Findings from a McAfee study, which surveyed 815 government employees, indicates civil servants have concerns about the security posture of priority initiatives being driven by the Cabinet Office:
- Less than third of respondents agree or strongly agree that adequate consideration is given to cyber-security within the government reform agenda
- 28% of central government respondents believe SMEs are vulnerable to cyber attacks due to their involvement in the supply chain for the delivery of government projects. This figure rises to 35% amongst those working in roles which require a high level of knowledge or some knowledge of cyber-security issues
- Only 14% of respondents feel G-Cloud gives adequate consideration to cyber-security
- A mere 13% of civil servants stated cyber-security occupies a prominent enough position in the Universal Credit Programme.
The public sector faces a multitude of security challenges.
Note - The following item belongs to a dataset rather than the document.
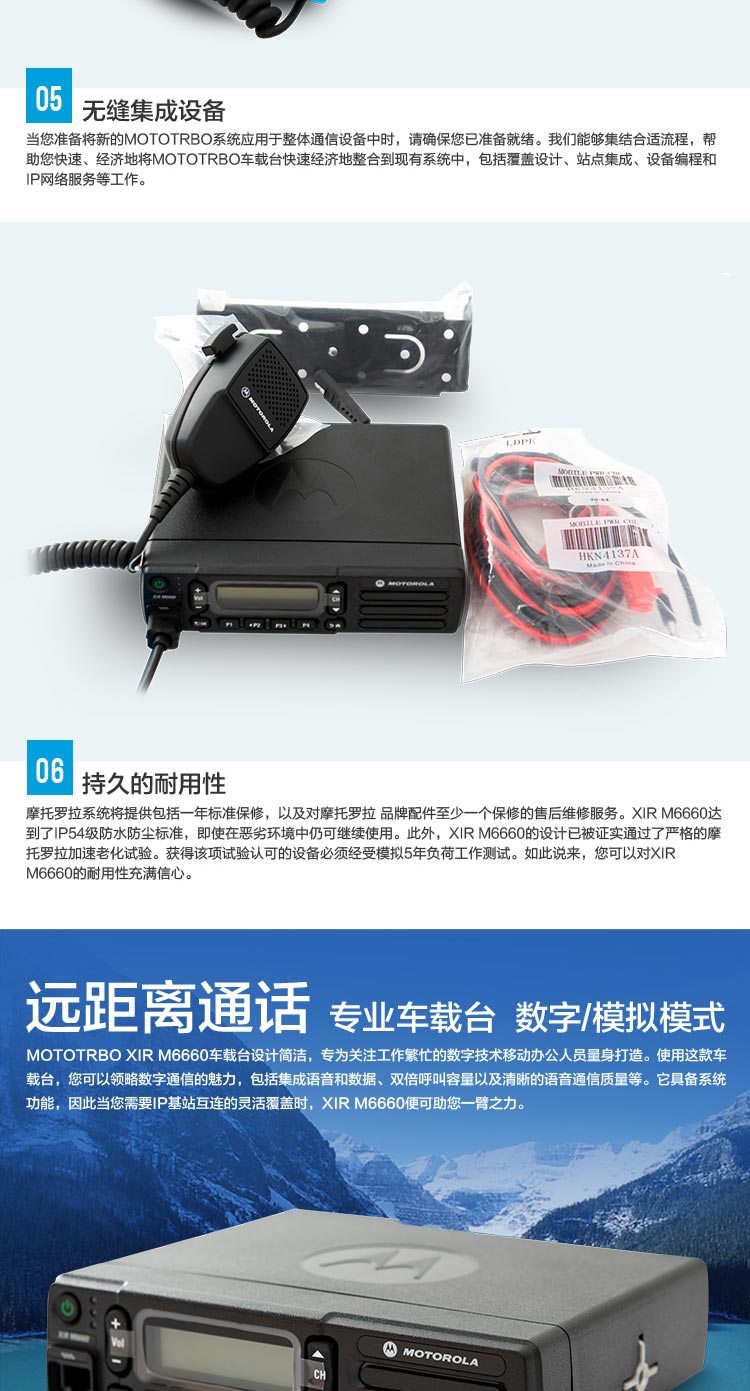 車載對(duì)講機(jī)廠家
The study found that the areas of most concern are data protection and security (36%), direct hacking attempts like DDoS attacks or SQL injections (17%) and attacks from foreign governments and criminal or terrorist organizations (14%).
Considering the negative ramifications of these types of breaches – hefty fines from the ICO, damaging news headlines, interruption of public services offered online and the safety of Britons – it comes as little surprise that these were ranked as the top three.
While civil servants do acknowledge the risk posed by cyber attacks, just over half of respondents feel an important solution to the problems caused by the lack of digital skills is to run more dedicated training courses and high-potential development programmes for specialists in this field, while 41% call for stronger specialist teams within departments.
Anecdotal responses gathered during the survey also hint that experience outside of the public sector may bring much needed cyber security expertise to government departments, with respondents saying the skills of those who have private sector experience are not fully utilized.